Fino alla casuale scoperta dell’architetto Büke Uras risalente paio di anni fa e avvenuta presso un rigattiere nel quartiere di Çukurcuma (a cui ha dato fama mondiale il Museo dell’innocenza di Pamuk): due bauli con buona parte dei suoi archivi personali, disegni, lettere, il suo diario. Documenti che hanno dato vita alla mostra e che hanno permesso di attribuire proprio a De Nari – cominciò a farsi chiamare così dopo il suo fidanzamento aristocratico – alcuni edifici prima senza autore.
La mostra ripercorre – grazie ai materiali d’archivio e a didascalie molto esaustive, in turco e in inglese – la carriera professionale e politica di De Nari. Si occupò, quasi sempre in équipe, di edifici pubblici e di chiese (anche di quella di Sant’Antonio su Istiklal Caddesi), ma anche di ville private. Nel corso del tempo spaziò tra i vari stili architettonici di volta in volta di moda, mostrando regolarmente uno spiccato interesse per i dettagli e per le soluzioni funzionali e ardite negli interni. Seppe conquistarsi anche un ruolo di grande influenza politica: come leader e rappresentante della comunità italiana, come mediatore tra le autorità ottomane e poi repubblicane e quelle italiane, nelle fasi belliche e poi in materia commerciale. Era apprezzato da tutti, anche da Atatürk, che fu ospite nella residenza privata dell’architetto-non architetto, villa Lydia – dal nome di sua figlia – a Bebek, sul Bosforo.
Chissà quanti altri archivi privati aspettano di essere riscoperti, o sono andati dispersi e distrutti.
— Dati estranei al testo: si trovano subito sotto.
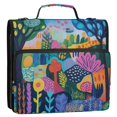 thumbnail image 5 of FORMRS Zipper Binder with Shoulder Strap 1.5-inch Ring 500 Sheet Capacity File Bag, Art Plants, 5 of 5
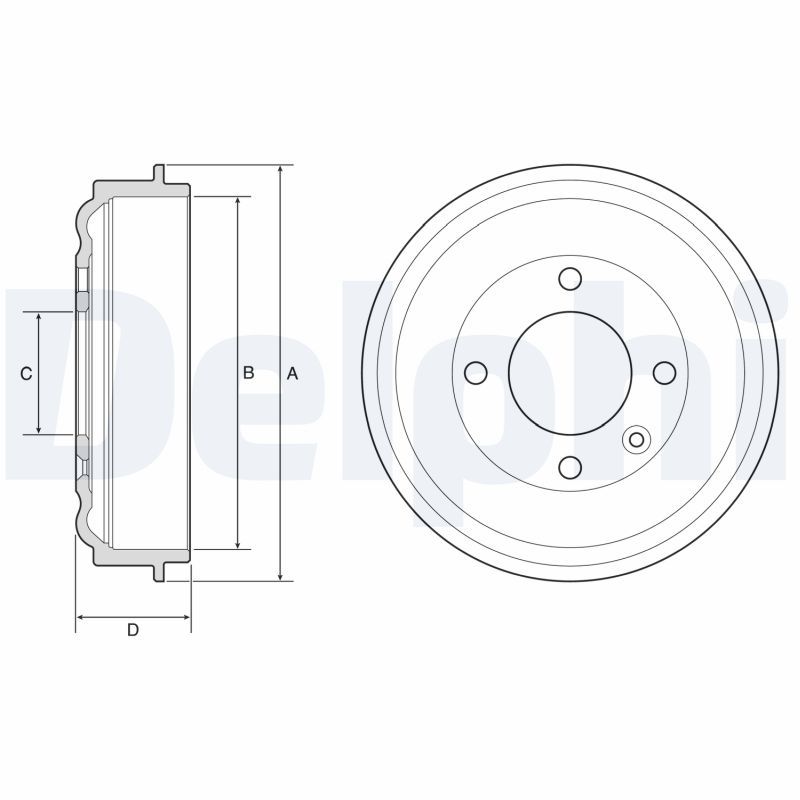 DELPHI BF638 Brake Drum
Proprio per questo motivo, la Società operaia di muto soccorso di Istanbul ha in animo anche di raccogliere e preservare la memoria documentale della comunità italo-levantina, oggi priva di punti di riferimento; così da evitare che il ricordo di una comunità fiorente nella Costantinopoli cosmopolita svanisca del tutto.